**Problem details**
Any picture in the data below should be skipped, while every line is repeated exactly.

**Information provided**
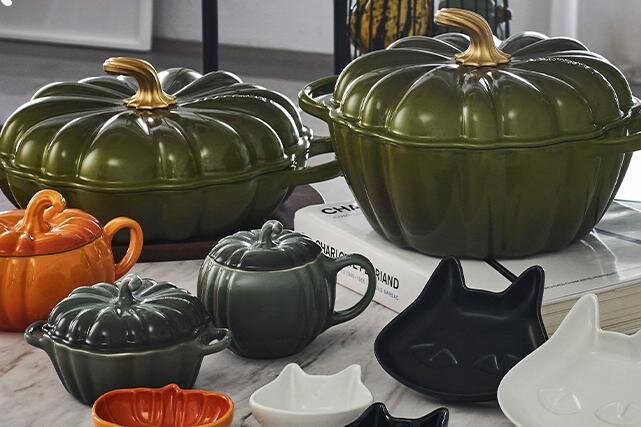 ル・クルーゼの25年ハロウィン食器、”かぼちゃ”そっくり鍋＆ネコ型ストーンウェアなど
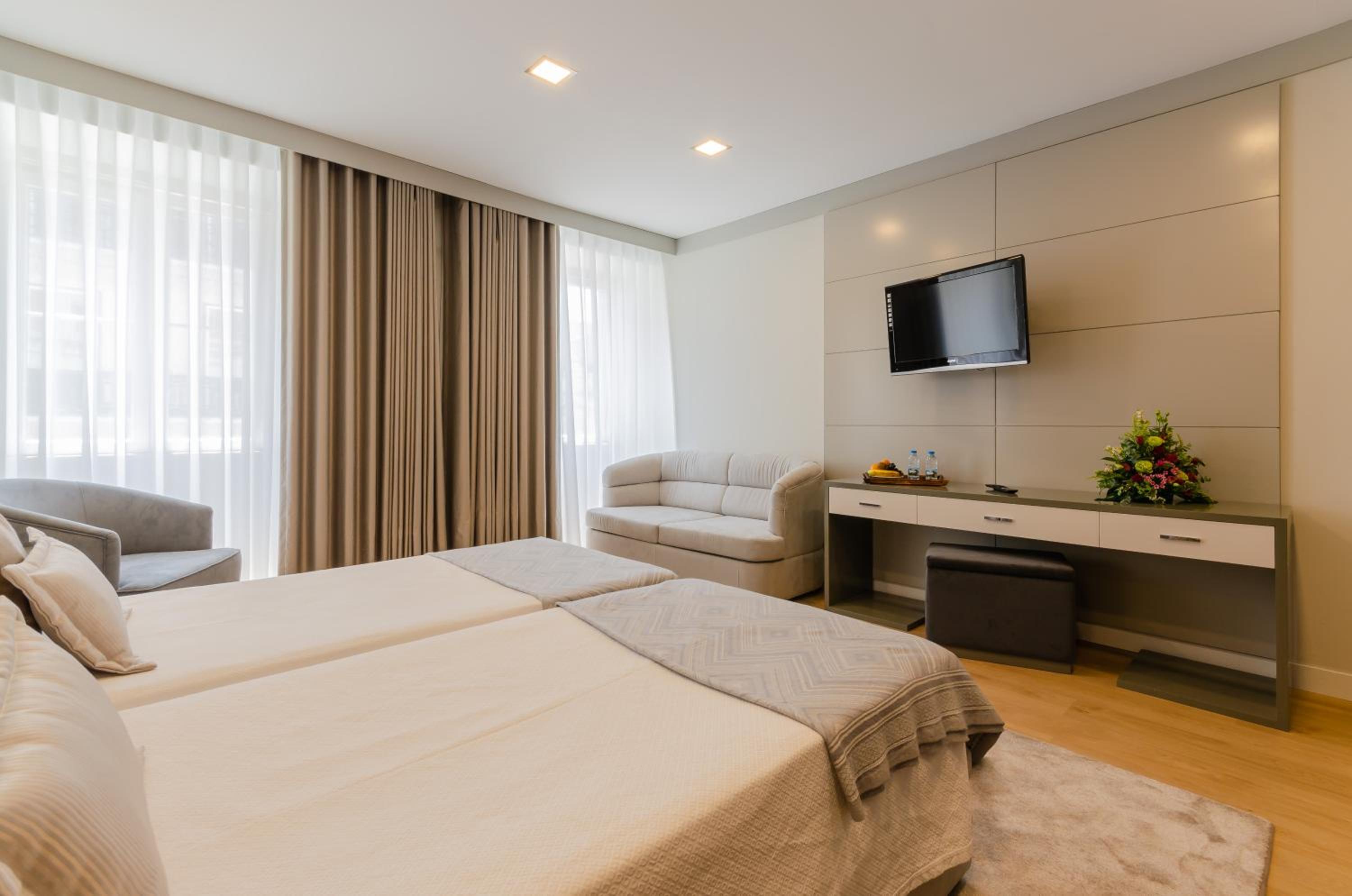 Superior Twin Room with Chiado View thumbnail 5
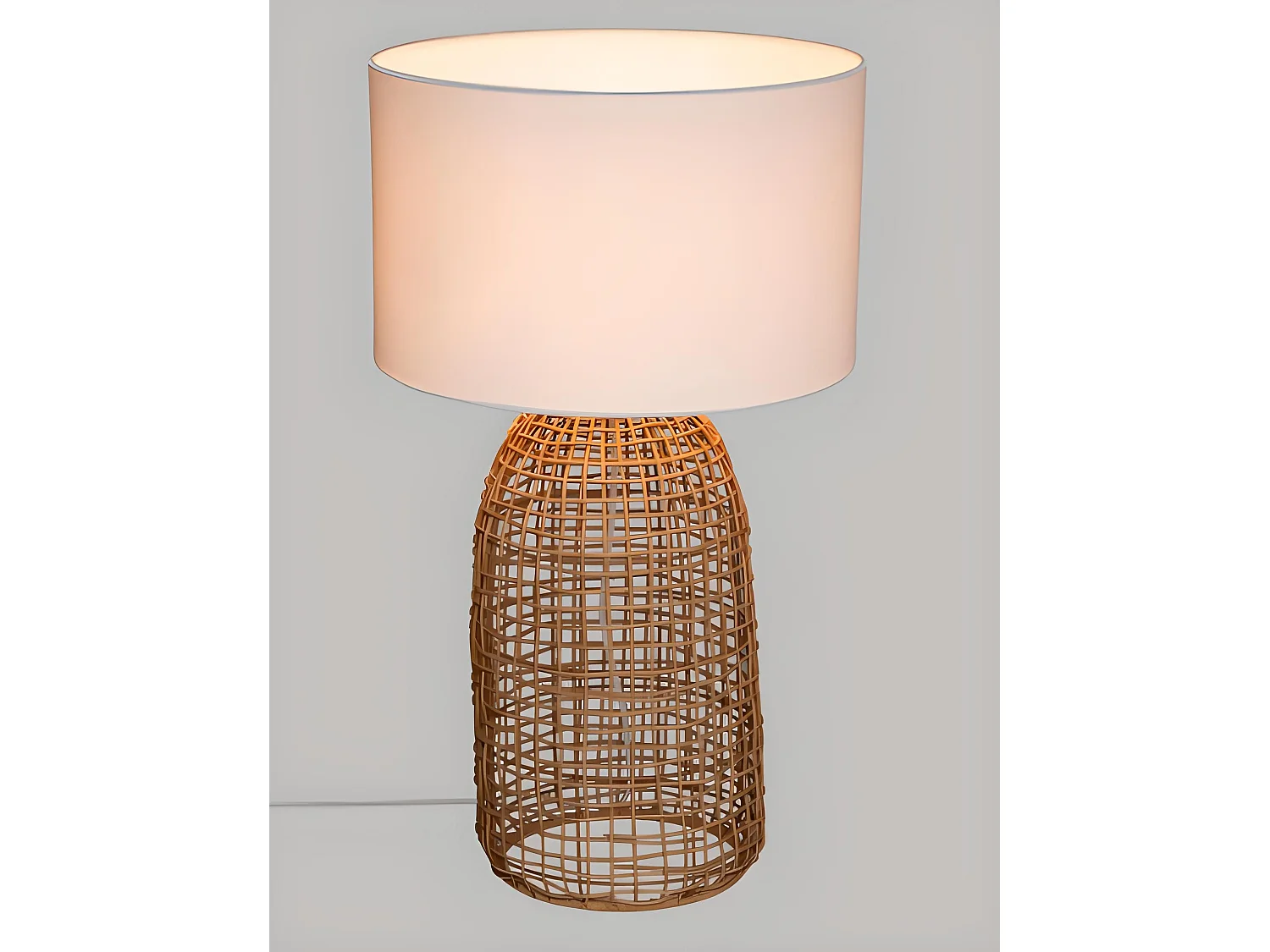 Lampe à poser en rotin coloris naturel et polyester blanc - Diamètre 32 x hauteur 55 cm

**Response**
 ル・クルーゼの25年ハロウィン食器、”かぼちゃ”そっくり鍋＆ネコ型ストーンウェアなど
 Superior Twin Room with Chiado View thumbnail 5
 Lampe à poser en rotin coloris naturel et polyester blanc - Diamètre 32 x hauteur 55 cm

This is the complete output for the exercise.